#### Supplied data:

# # #

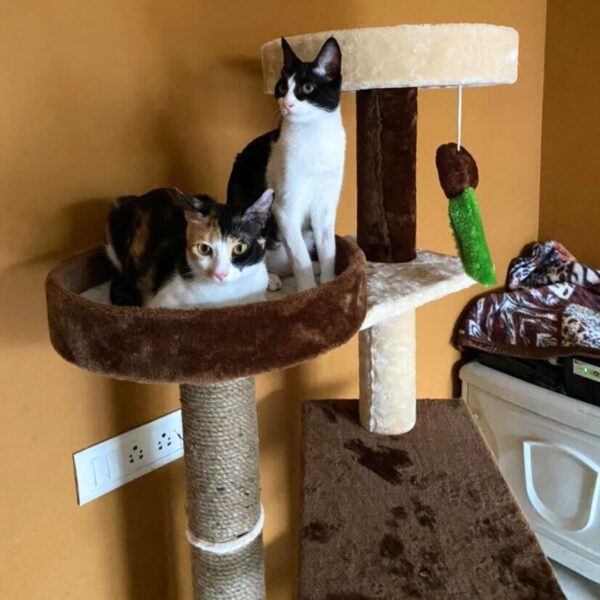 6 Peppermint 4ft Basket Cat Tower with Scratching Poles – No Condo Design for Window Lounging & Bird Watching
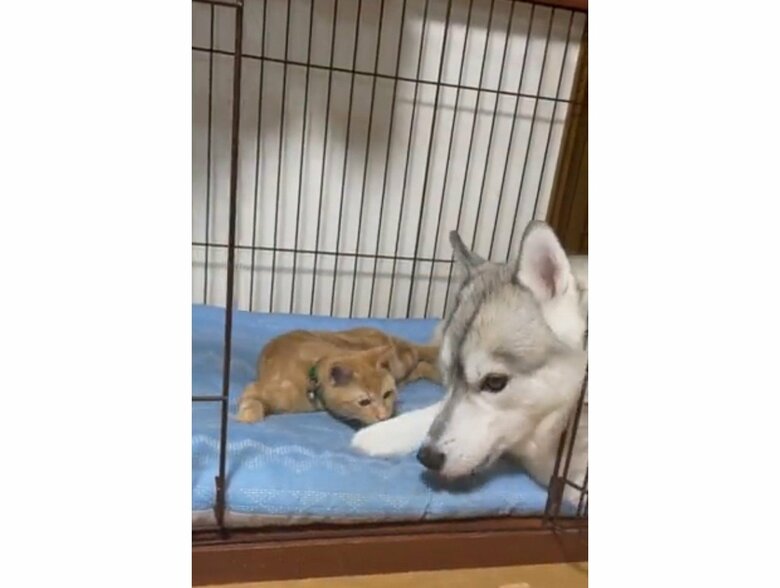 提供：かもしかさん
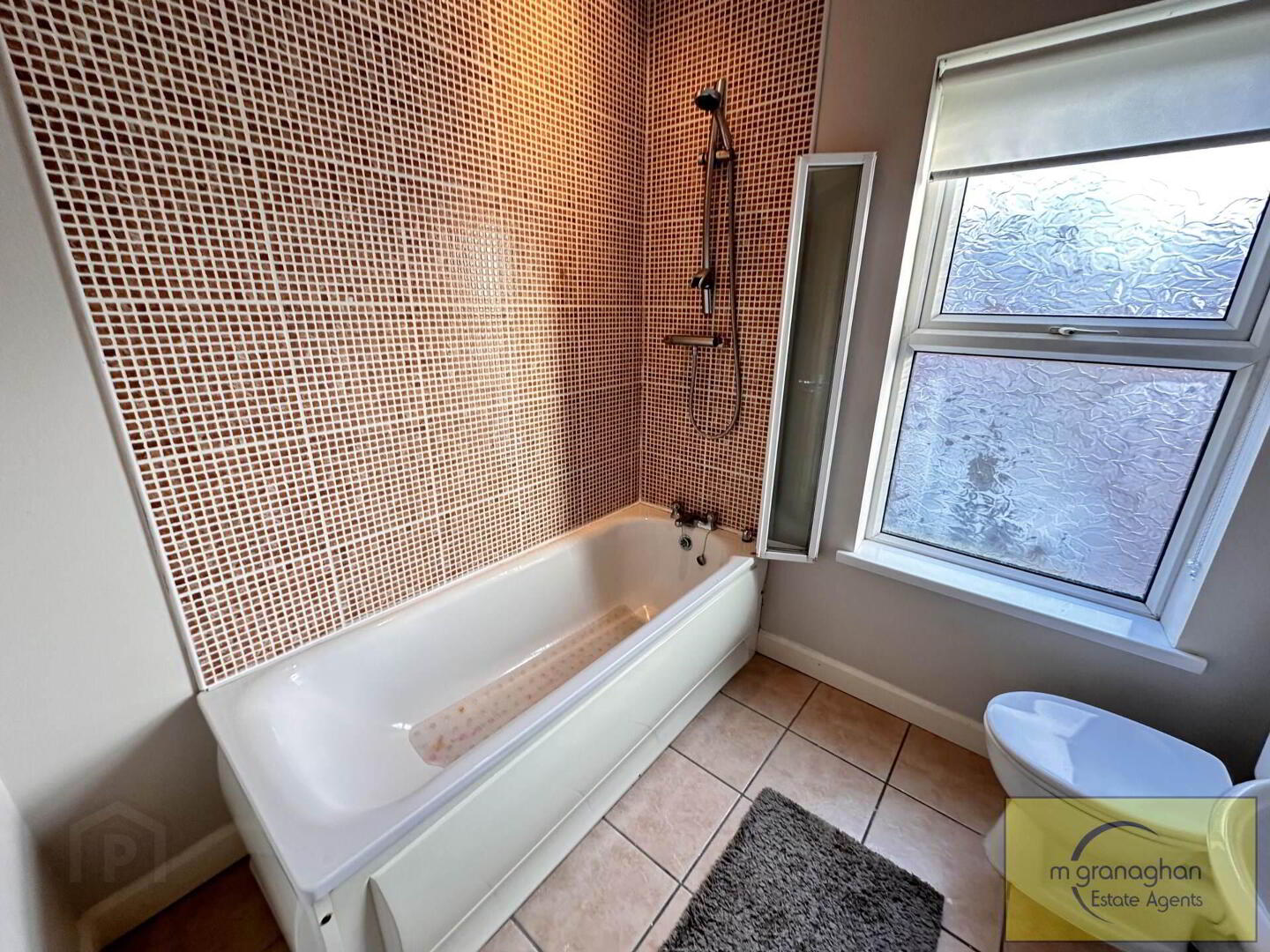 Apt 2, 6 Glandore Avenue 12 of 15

# # #

#### What you will do:
Please return the whole listing exactly. Do not copy its images.

#### The completed task:
 6 Peppermint 4ft Basket Cat Tower with Scratching Poles – No Condo Design for Window Lounging & Bird Watching
 提供：かもしかさん
 Apt 2, 6 Glandore Avenue 12 of 15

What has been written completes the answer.